▶ **Task prompt**
Start at the line below containing "asistencia zebra datamax" and stop at the line containing "Potager vert, vue aérienne". Repeat every line of that stretch exactly, and nothing outside it.

Brief descriptive captions
--
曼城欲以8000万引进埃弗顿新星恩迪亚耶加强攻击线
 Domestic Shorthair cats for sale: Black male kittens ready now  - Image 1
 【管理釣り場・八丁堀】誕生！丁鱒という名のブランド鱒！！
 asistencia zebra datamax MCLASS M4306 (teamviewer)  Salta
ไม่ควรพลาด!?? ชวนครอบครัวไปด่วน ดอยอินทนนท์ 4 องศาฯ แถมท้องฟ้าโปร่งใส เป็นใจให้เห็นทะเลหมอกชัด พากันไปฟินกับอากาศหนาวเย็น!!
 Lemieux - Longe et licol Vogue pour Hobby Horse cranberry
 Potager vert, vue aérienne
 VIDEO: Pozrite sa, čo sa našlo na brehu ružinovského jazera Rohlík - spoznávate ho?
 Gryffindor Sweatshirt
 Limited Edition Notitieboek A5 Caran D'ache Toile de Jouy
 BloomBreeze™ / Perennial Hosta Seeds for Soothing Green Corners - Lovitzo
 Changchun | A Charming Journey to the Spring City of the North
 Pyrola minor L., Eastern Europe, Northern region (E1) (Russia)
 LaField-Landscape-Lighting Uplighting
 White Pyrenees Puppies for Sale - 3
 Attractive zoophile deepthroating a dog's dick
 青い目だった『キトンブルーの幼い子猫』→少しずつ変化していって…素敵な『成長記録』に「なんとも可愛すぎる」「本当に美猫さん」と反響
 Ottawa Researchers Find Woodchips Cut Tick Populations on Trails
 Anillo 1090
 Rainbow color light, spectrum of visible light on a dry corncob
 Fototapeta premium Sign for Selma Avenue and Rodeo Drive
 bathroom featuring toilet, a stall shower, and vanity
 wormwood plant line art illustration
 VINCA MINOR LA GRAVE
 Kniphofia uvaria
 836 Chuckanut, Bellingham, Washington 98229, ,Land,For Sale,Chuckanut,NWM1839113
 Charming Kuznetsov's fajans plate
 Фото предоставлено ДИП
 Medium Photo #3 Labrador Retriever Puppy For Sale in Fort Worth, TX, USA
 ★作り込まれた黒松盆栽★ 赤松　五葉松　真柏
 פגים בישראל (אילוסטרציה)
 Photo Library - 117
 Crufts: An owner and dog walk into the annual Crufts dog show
--
▶ **Expected answer**
 asistencia zebra datamax MCLASS M4306 (teamviewer)  Salta
ไม่ควรพลาด!?? ชวนครอบครัวไปด่วน ดอยอินทนนท์ 4 องศาฯ แถมท้องฟ้าโปร่งใส เป็นใจให้เห็นทะเลหมอกชัด พากันไปฟินกับอากาศหนาวเย็น!!
 Lemieux - Longe et licol Vogue pour Hobby Horse cranberry
 Potager vert, vue aérienne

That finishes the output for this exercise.